My guest blog post on Tonya R. Moore‘s Sci-Fi site from July, 2014, re-issued/ updated today!
“#Utopian #Sci-fi/ #Speculative Fiction: Why it’s Intriguing and Necessary”
image from http://www.nypl.org (New York Public Library)
Writers are often exhorted to “write the books we want to read,” especially when they seem not to exist, yet. I am following that advice with The Spanners Series. I know what I want to read and what I can’t find because I am a life-long, avid reader. I have probably read hundreds of thousands of books in my 60 years of reading independently and quickly, sometimes enjoying ten books a week. If I say that books like mine—–more utopian sci-fi/speculative fiction series like The Spanners—–don’t yet exist, I’m probably correct.
However, there is a long history of utopian sci-fi that spawned speculative fiction and inspired technological and biological/ medical breakthroughs/ inventions and social and political change over many centuries. Ann Grindley’s article from May, 2014, http://www.fact.co.uk/news-articles/2014/05/utopia,-limited-what-can-sci-fi-tell-us-about-our-future.aspx, “Utopia, Limited: What can sci fi tell us about our future?” offered these insights:
Civilisations that do demonstrate utopian qualities have surpassed our view on money, weaponry and material wealth and anxiety. They have matured past our inequalities and share a common goal. This goal is usually scientific, in a sense that they have discovered, created, and utilise technology which unites people globally.
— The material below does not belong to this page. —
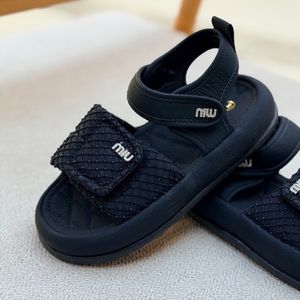 خرید اینترنتی قیمت صندل بچگانه طرح miu نگینی از K-Z کد 5022306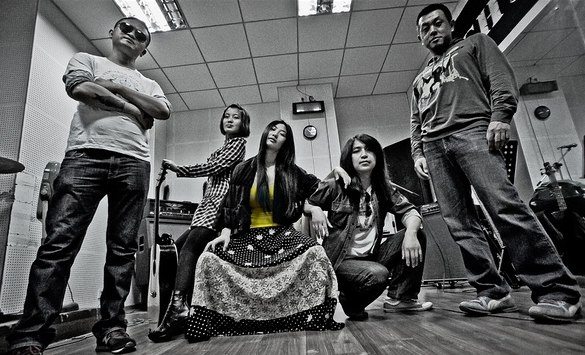 ファイル:Xiariweifeng 12.jpg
I don’t know which “civilisations” Ann Grindley referred to, but I’d like to find them!
Grindley seemed to be quite supportive of my intentions when she stated: “I’d like to think utopia still requires creativity and pleasure through art, although maybe utopians won’t need escapism.”
Grindley also verbalized my heartfelt wish: “It is wonderful how even in our social and political density and under-development, that we can imagine an idyllic and model world…” But then, she recognized the possibility that “our ideas of utopian and dystopian futures are only limited to our current knowledge and understanding, and perhaps that is why, in reality, we’re yet to achieve the fantasy; the fiction in our science. Perhaps utopia is beyond our imagination as well as our means.”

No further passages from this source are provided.